Celebrimbor’s mouth twitched into a smile. He almost looked mischievous in a way that, until then, had been unfamiliar to Nóruil. In this moment it was not just his skill for which it was easy to believe that he was indeed the grandson of Fëanor. Like her, he was the last of his house, though his legacy came with greater fame and a more terrible gloom.
“But there is something like it.” Still smiling, Celebrimbor shifted in a way that let the remaining fires in the forge catch the light in something on his hand – something Nóruil had not noticed before. It seemed akin to Narya in the pulse of its power, but its light was as radiant as a star, a cool silvery-white. “There may come a time when Narya’s powers are sorely needed, and along will come someone to wield it. Rest assured, that is not what I am asking of you – but simply to wear and to protect it until that time comes. You are each worthy of another, and it will set my mind at ease to only bear one of them myself.”
There were so many questions Nóruil wanted to ask, but she could sense that the more she enquired, the less she would understand of Celebrimbor’s words. However little she could make a connection between her birth within the flames that devoured Gondolin and the calming warmth of Narya in her palm, she recognised that she was being entrusted with something of grave importance. Was this not what she had followed the Gwaith-i-Mírdain to Eregion for – a task? The notion that her existence on Middle-earth could come to be more than flight and indifference?
“I swear to you,” Nóruil heard herself say as she took the ring and slid it onto her left index finger. A sudden warmth rippled through her, a heightened awareness of the power she could feel before, but otherwise, nothing felt much different. “I will keep it safe, and I will tell none of its existence. It shall not fall into the wrong hands.”
He nodded somewhat grimly, the smile gone from his lips now, but there was a firm appreciation in his voice. “Good. Trust no one not to covet it for themselves, and never give it into the hands of anyone who demands it with no right to their claim. We must learn from the Silmarils – even a lesser work such as this might spark greed and jealousy. I trust that you will not fall to it; but consider that not everyone is so disposed.”

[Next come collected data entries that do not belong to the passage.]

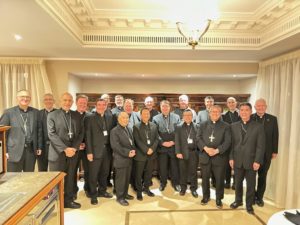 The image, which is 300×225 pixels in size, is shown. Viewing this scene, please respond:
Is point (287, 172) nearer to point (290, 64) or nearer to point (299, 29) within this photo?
point (290, 64)

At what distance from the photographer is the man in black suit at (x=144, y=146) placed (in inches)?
152

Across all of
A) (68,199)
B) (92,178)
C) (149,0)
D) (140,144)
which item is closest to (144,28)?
(149,0)

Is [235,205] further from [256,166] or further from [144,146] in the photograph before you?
[144,146]

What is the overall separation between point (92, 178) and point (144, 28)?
235cm

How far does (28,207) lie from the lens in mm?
1397

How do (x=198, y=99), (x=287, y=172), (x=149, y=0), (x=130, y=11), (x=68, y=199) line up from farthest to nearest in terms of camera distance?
(x=198, y=99), (x=287, y=172), (x=68, y=199), (x=130, y=11), (x=149, y=0)

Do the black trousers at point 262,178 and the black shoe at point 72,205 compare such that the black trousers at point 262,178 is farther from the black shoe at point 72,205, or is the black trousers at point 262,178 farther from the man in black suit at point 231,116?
the black shoe at point 72,205

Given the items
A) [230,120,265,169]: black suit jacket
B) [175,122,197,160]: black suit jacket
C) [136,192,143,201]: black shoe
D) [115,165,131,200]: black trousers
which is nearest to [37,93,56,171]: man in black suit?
[115,165,131,200]: black trousers

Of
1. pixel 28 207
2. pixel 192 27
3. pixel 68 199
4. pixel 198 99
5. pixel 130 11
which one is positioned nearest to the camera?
pixel 28 207

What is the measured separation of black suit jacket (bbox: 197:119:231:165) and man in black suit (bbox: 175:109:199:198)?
327mm

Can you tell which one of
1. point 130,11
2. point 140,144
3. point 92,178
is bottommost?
point 92,178

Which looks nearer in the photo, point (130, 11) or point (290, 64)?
point (130, 11)

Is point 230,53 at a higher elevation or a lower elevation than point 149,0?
lower

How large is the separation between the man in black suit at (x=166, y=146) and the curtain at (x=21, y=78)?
85.2 inches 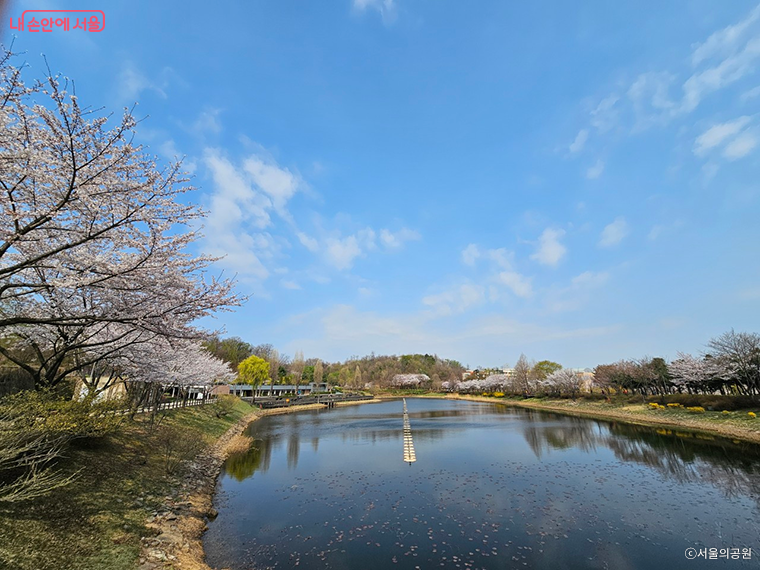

Feeling the weight of the honour he bestowed on her, Nóruil stood straight and held her head high. Still, she could not help but to press on. “I pray that I will prove worthy of your trust. And yet – what would give you that thought? Why me?”
The fire threw strange shadows on Celebrimbor’s features, making him look both very old and very young at the same time. How much grief had he witnessed in his lifespan? How many gruesome decisions had he been forced to make, how many times had he felt disappointed in the disastrous choices his kin and the people closest to him had succumbed to?
“Because you have no interest in power, Nóruil. I sense it in your heart and I know it from your life, for you have only ever suffered from those who chased after it. You know its evils. And much like Narya …”
His gaze trailed to where she wore it on her hand. She realised that at least to his eyes, it was not hidden. She might bear it and keep it safe, but forever it would remain his creation.
“There is more to you than one might guess at first glance, and your true fate is yet to be revealed.”